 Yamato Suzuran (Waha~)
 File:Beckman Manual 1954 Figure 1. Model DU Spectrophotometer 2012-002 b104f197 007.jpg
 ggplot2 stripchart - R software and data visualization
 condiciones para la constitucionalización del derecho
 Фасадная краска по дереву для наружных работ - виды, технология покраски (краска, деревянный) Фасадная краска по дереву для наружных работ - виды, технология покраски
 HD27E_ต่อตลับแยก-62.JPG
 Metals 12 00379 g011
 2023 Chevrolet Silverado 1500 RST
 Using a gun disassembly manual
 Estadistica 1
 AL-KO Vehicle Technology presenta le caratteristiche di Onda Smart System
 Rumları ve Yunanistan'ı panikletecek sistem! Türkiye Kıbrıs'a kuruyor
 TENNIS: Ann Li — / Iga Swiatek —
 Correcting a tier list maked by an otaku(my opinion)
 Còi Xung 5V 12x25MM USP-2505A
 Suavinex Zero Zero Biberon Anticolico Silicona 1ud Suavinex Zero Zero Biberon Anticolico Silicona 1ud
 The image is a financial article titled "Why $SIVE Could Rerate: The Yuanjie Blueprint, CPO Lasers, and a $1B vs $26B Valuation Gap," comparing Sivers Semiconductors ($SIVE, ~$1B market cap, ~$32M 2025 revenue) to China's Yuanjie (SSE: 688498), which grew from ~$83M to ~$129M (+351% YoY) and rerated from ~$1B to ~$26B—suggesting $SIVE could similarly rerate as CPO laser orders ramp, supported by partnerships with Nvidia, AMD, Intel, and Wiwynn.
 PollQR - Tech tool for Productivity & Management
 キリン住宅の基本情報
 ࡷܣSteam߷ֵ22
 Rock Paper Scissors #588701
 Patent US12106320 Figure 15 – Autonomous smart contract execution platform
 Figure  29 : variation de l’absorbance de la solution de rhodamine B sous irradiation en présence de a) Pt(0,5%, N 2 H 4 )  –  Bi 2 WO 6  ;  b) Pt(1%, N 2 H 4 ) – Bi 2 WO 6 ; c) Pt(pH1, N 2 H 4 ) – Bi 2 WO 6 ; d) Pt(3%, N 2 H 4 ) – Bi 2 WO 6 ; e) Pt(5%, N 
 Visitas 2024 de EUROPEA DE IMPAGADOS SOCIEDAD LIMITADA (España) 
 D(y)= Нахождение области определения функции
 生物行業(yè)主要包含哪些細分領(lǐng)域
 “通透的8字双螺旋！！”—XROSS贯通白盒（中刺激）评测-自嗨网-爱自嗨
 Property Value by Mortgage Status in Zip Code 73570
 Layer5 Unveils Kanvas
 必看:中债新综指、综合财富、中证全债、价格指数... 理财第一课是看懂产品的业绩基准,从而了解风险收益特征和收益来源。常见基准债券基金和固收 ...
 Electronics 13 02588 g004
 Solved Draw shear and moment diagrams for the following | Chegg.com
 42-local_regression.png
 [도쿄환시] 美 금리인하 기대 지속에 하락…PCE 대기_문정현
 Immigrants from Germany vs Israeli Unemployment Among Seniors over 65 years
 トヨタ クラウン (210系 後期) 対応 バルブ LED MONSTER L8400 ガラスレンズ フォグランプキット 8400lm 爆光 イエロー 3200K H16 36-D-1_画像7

_ _ _ _ _ _ _

### YOUR TASK
Return every record above exactly, line by line.

### WRITTEN RESPONSE
 Yamato Suzuran (Waha~)
 File:Beckman Manual 1954 Figure 1. Model DU Spectrophotometer 2012-002 b104f197 007.jpg
 ggplot2 stripchart - R software and data visualization
 condiciones para la constitucionalización del derecho
 Фасадная краска по дереву для наружных работ - виды, технология покраски (краска, деревянный) Фасадная краска по дереву для наружных работ - виды, технология покраски
 HD27E_ต่อตลับแยก-62.JPG
 Metals 12 00379 g011
 2023 Chevrolet Silverado 1500 RST
 Using a gun disassembly manual
 Estadistica 1
 AL-KO Vehicle Technology presenta le caratteristiche di Onda Smart System
 Rumları ve Yunanistan'ı panikletecek sistem! Türkiye Kıbrıs'a kuruyor
 TENNIS: Ann Li — / Iga Swiatek —
 Correcting a tier list maked by an otaku(my opinion)
 Còi Xung 5V 12x25MM USP-2505A
 Suavinex Zero Zero Biberon Anticolico Silicona 1ud Suavinex Zero Zero Biberon Anticolico Silicona 1ud
 The image is a financial article titled "Why $SIVE Could Rerate: The Yuanjie Blueprint, CPO Lasers, and a $1B vs $26B Valuation Gap," comparing Sivers Semiconductors ($SIVE, ~$1B market cap, ~$32M 2025 revenue) to China's Yuanjie (SSE: 688498), which grew from ~$83M to ~$129M (+351% YoY) and rerated from ~$1B to ~$26B—suggesting $SIVE could similarly rerate as CPO laser orders ramp, supported by partnerships with Nvidia, AMD, Intel, and Wiwynn.
 PollQR - Tech tool for Productivity & Management
 キリン住宅の基本情報
 ࡷܣSteam߷ֵ22
 Rock Paper Scissors #588701
 Patent US12106320 Figure 15 – Autonomous smart contract execution platform
 Figure  29 : variation de l’absorbance de la solution de rhodamine B sous irradiation en présence de a) Pt(0,5%, N 2 H 4 )  –  Bi 2 WO 6  ;  b) Pt(1%, N 2 H 4 ) – Bi 2 WO 6 ; c) Pt(pH1, N 2 H 4 ) – Bi 2 WO 6 ; d) Pt(3%, N 2 H 4 ) – Bi 2 WO 6 ; e) Pt(5%, N 
 Visitas 2024 de EUROPEA DE IMPAGADOS SOCIEDAD LIMITADA (España) 
 D(y)= Нахождение области определения функции
 生物行業(yè)主要包含哪些細分領(lǐng)域
 “通透的8字双螺旋！！”—XROSS贯通白盒（中刺激）评测-自嗨网-爱自嗨
 Property Value by Mortgage Status in Zip Code 73570
 Layer5 Unveils Kanvas
 必看:中债新综指、综合财富、中证全债、价格指数... 理财第一课是看懂产品的业绩基准,从而了解风险收益特征和收益来源。常见基准债券基金和固收 ...
 Electronics 13 02588 g004
 Solved Draw shear and moment diagrams for the following | Chegg.com
 42-local_regression.png
 [도쿄환시] 美 금리인하 기대 지속에 하락…PCE 대기_문정현
 Immigrants from Germany vs Israeli Unemployment Among Seniors over 65 years
 トヨタ クラウン (210系 後期) 対応 バルブ LED MONSTER L8400 ガラスレンズ フォグランプキット 8400lm 爆光 イエロー 3200K H16 36-D-1_画像7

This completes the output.